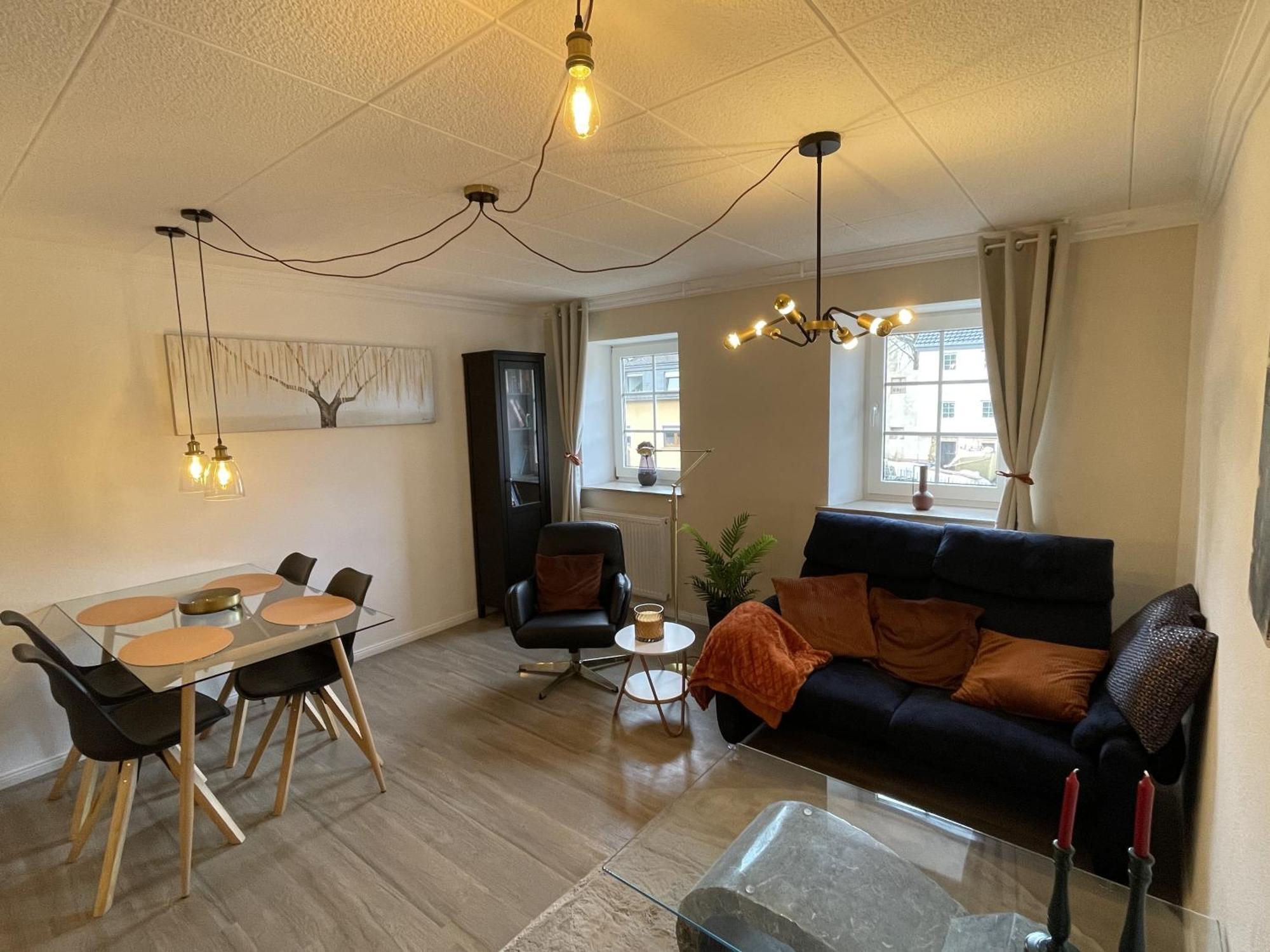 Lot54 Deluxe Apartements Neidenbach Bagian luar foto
--
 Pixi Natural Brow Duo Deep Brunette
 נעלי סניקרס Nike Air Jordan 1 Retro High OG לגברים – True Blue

Instructions for the task:
Taking the entries above, write out exactly the lines starting with the line containing "Pixi Natural Brow Duo Deep Brunette" and going on through the line containing "נעלי סניקרס Nike", both included, and nothing else.

Expected answer:
 Pixi Natural Brow Duo Deep Brunette
 נעלי סניקרס Nike Air Jordan 1 Retro High OG לגברים – True Blue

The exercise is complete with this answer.